Looking at just the block-telemetry.ps1 script in this repo tells me the creator is a novice. Changing the Group Policy does NOT block telemetry in Win10 Home or Pro. Furthermore, adding MS's own domains to the hosts file or firewall aren't great techniques either, since the OS doesn't have to honor them and those domains may serve other functions.

In disable-services.ps1:

- Home Groups was discontinued and these services aren't installed by default anymore. Even if they are present, the default config is manual and they'll use zero resources if you don't have a HomeGroup set up

- Futzing with remote access services is a minefield and could kill VPNs, network shares/printers, and domain access. It's one piece in a set of dependencies that might be okay to disable, but tends to pop up in unexpected situations. RaRA is disabled by default, so if it is enabled, there is probably a reason.

- Distributed Link Tracking Client - I mean, I like my shortcuts working, but okay.

- Windows Security Center Service - Disabling this basically makes it harder for you to actually access the security center and will break 3rd party AV/firewall/security tools.

- Xbox services - Disabling kills any games bought via the Windows Store and possibly controllers. Doesn't use resources, since it's set to manual.

Almost everything else the scripts say they're doing can be done within the Settings app. I phrased it that way because the toggles may be changing multiple settings to get the desired effect and changing a single registry value isn't enough. There are some sound tweaks mixed in (some that I use myself), but nothing new and nothing to make me think the author is particularly knowledgeable about Windows configurations. I prefer something like http://www.blackviper.com/

I wanted to add that I've been pretty heavily tweaking Windows since the Win9x days, and modern Windows is a different beast compared to even Win7. Lots of services and features have not-so-obvious dependencies.

For example, the Your Phone App can't be uninstalled via normal means, but there are plenty of articles that detail the steps to uninstall it with Powershell. The problem is that this app also hooks into the experience continuity features MS is pushing heavily, and forcing an uninstall will cause issues with syncing settings across devices and the timeline feature.

Also worth noting is that simply undoing some tweaks isn't always straightforward. Delete a registry entry? Hope you noted that it was owned by Installer, because adding it back as owned by admin ain't gonna cut it.

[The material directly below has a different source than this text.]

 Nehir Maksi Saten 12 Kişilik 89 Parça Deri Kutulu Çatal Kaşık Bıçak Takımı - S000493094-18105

Lastly, 90%+ of the tweak guides/scripts I've seen would completely break programming IDEs, VPN access, and systems on a corporate network. They assume you want everything stripped and will add back individual pieces as situations present themselves, but it never works out that way. Instead, the whole process approaching those situations gets borked (e.g.- program checks for a service at launch, can't find it, and closes immediately or dumps the user into some config that's not appropriate once they untweak their OS).

Most of my tweaking now is simply changing settings, disabling a few scheduled tasks and services I'm familiar with, and making a couple dozen registry changes that are reversible and not tied to vital components.